EdR’s (EDR) total cost was $201.9 million for fiscal 2014, up by 26.1% over 2013. The increase came on the back of a 30.2% rise in total cost in 2013 and 29.2% in 2012. The collegiate housing leasing operations expenses comprised 45.9% of the total cost followed by depreciation and amortization expenses at 29.2%, and G&A (general and administrative) expenses at 9.8%.
The collegiate housing leasing operations expenses rose by 15.9% in 2014 to $92.6 million over 2013. The same-community operating expenses increased by 2.6% in 2014 over 2013. The increase in same-community operating expenses was primarily due to the higher marketing costs and real estate taxes.
Depreciation expenses increased by 22.6% to $59 million in 2014 compared to a rise of 44.7% in 2013 to $48.1 million. The increase in depreciation expenses was primarily due to the acquisitions and development of 18 new properties in 2014.
G&A expenses, excluding development and management expenses, increased by 31.8% in 2014 to $10.1 million. The rise in G&A expenses in 2014 was primarily due to a rise in salary expenses and other factors.
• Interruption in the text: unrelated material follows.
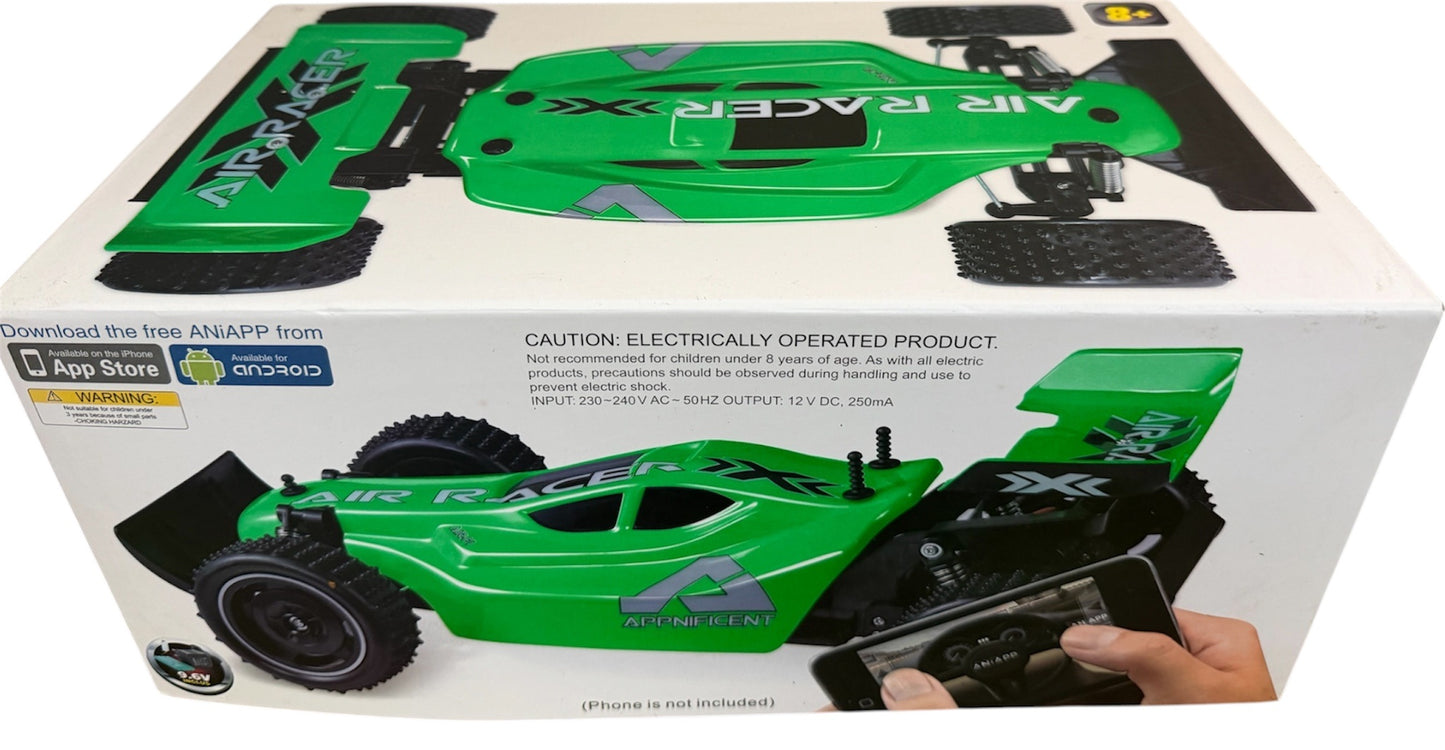 Appnificent Air Racer X Remote Control Green Drag Racing Car App Enabled Remote Control With Your Smart Phone - Brand New Factory Sealed Shop Stock Room Find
The company stated that “the higher rate of G&A growth in 2014 was necessary to handle the significant growth in our portfolio and also reflects growth in costs related to the pursuit of the increasing number of development opportunities, both on and off campus.”
Lowest EBITDA margin
EdR recorded an EBITDA margin of 42.4% in 2014 compared to 39.3% in 2013 and 35% in 2012. The EBITDA margin recorded by the company is one of the lowest in the industry. The industry average EBITDA margin was 57.7% in 2014.
Equity Residential (EQR) reported the highest EBITDA margin of 64.4% followed by AvalonBay Communities (AVB) at 63.6%, Essex Property Trust (ESS) at 58%, and American Campus Communities (ACC) at 48.4%. The SPDR DJ Wilshire Global Real Estate ETF (RWO) invests 0.20% of its portfolio in Education Realty Trust.